Europe is keeping Africa in poverty by perpetuating a system of closed markets and subsidised agriculture, a senior UN official said.
Eveline Herfkens, United Nations executive coordinator for the humanitarian Millennium Development Goals campaign, said the rich world's efforts to protect its food producers were keeping poor countries poor.
"We are depriving farmers in developing countries of the ability to exist at a human level," she told Reuters.
European farm subsidies for each cow were higher, at about two dollars a day, than the amount most Africans live on, she said: "I think that is a fairly shocking number.
"What it does is not only to deprive African farmers of the possibility to sell on our markets, because our markets are closed, but even worse, we destroy their home markets. So we spoil the price for tomatoes and for milk powder and for cotton."
She said European Union food quality standards often shut the door to outside competition and, although there was nothing wrong with EU farmers producing speciality foods, it was consumers and farmers in poor countries who had to pay for them.
European exports such as Italian canned tomatoes or Dutch milk powder undermined sales of local produce in the developing world, she said.
But the EU was not the sole culprit. "If you go to Mali and Burkina Faso, cotton subsidies from the United States have really killed farmers there," she said.

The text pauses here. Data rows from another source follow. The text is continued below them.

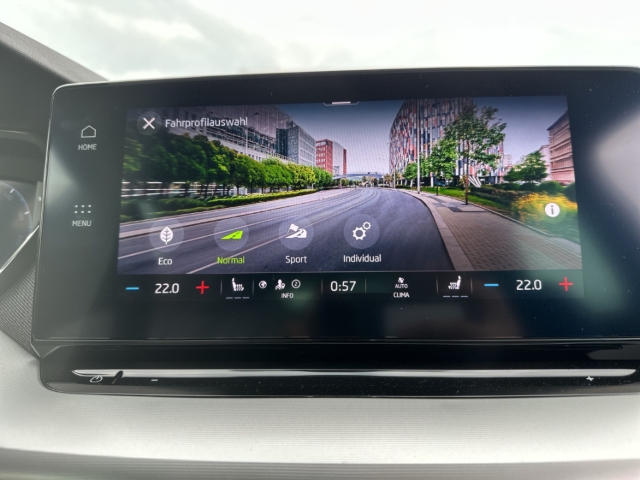 Fahrzeugabbildung SKODA Octavia Combi 2.0 TDI Style Navi ACC HeadUp SHZ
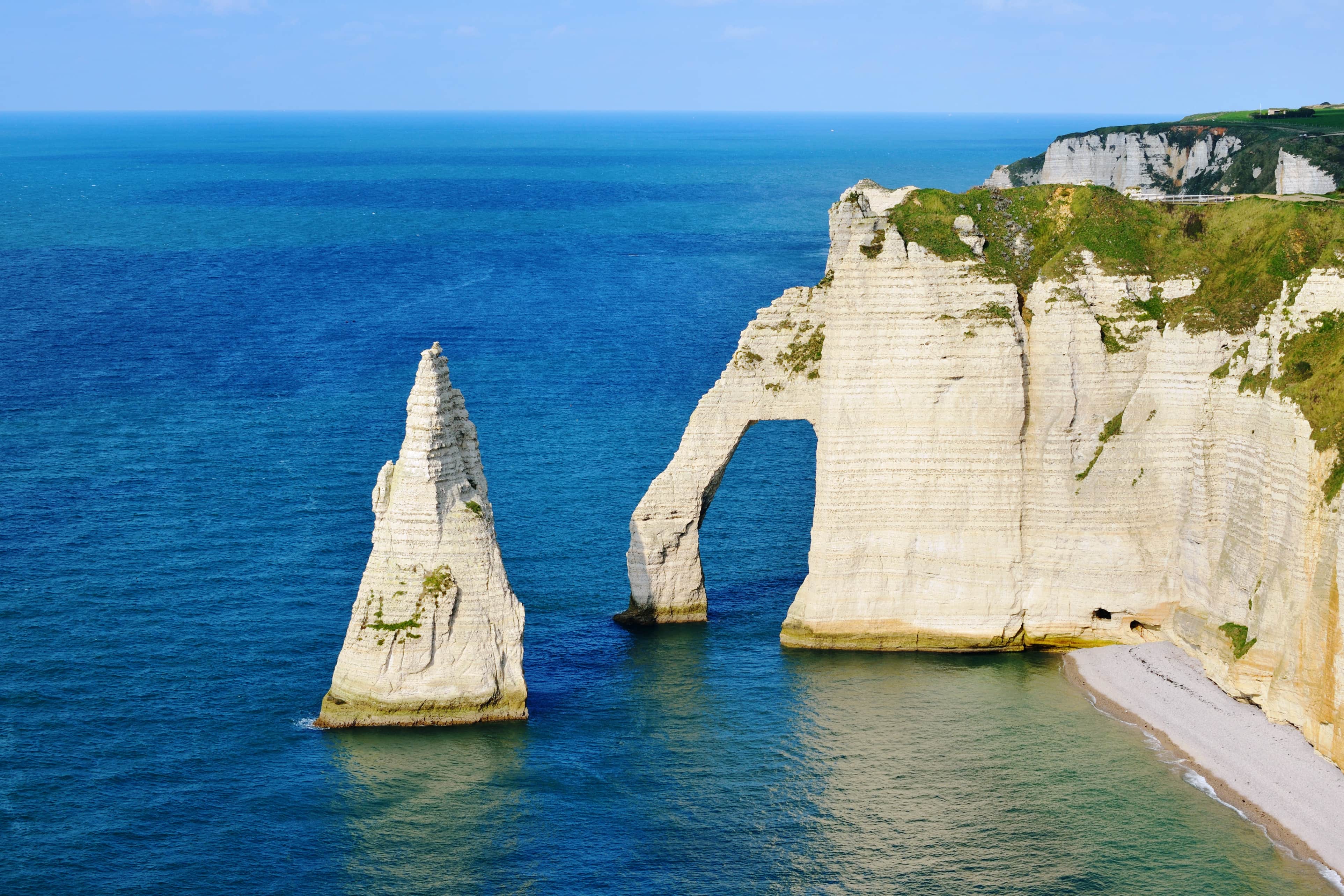 Étretat et ses falaises, à 35 min du gîte Le Clos des Pâquerettes à Yvetot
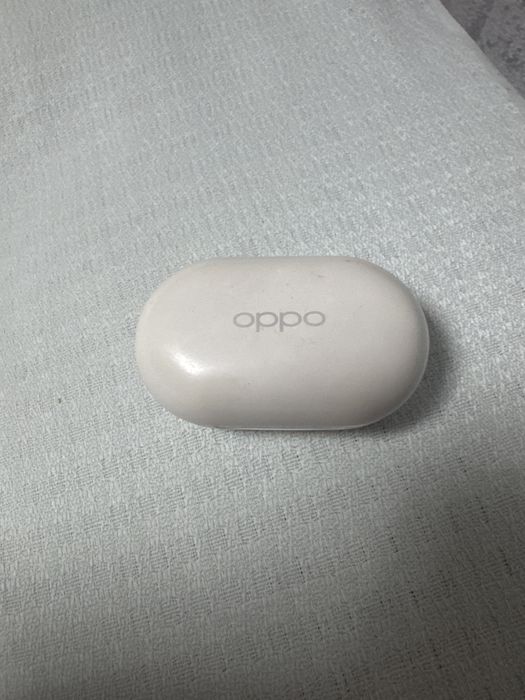 наушники Oppo Enco в хорошем состоянии,модель выпуска 2021 год,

Herfkens, a former Dutch development minister, says people in rich countries want to help the world's poor, but do not realise how much damage government farm spending does.
The EU agreed in October to curb farm spending, but the deal perpetuated big subsidies under the Common Agricultural Policy, which swallows nearly half of the EU's annual e95 billion budget.
"I didn't feel like opening a bottle of champagne after that," Herfkens said. "I have never agreed with the simplistic public relations coming out of Brussels that Europe is such a great force for good in developing countries.
"Ultimately, market access is the only way." Herfkens wants parliaments and the public to name and shame governments into achieving the eight Millennium goals, which include halving extreme poverty, ensuring all children go to primary school and reversing the spread of Aids and malaria.
World leaders pledged at a summit in New York in September 2000 to try to achieve them by 2015. Herfkens said she wants people to take responsibility for goading their own leaders.
"People have to ask their own governments: 'You signed for this in the year 2000, what did you do for this?'" she said.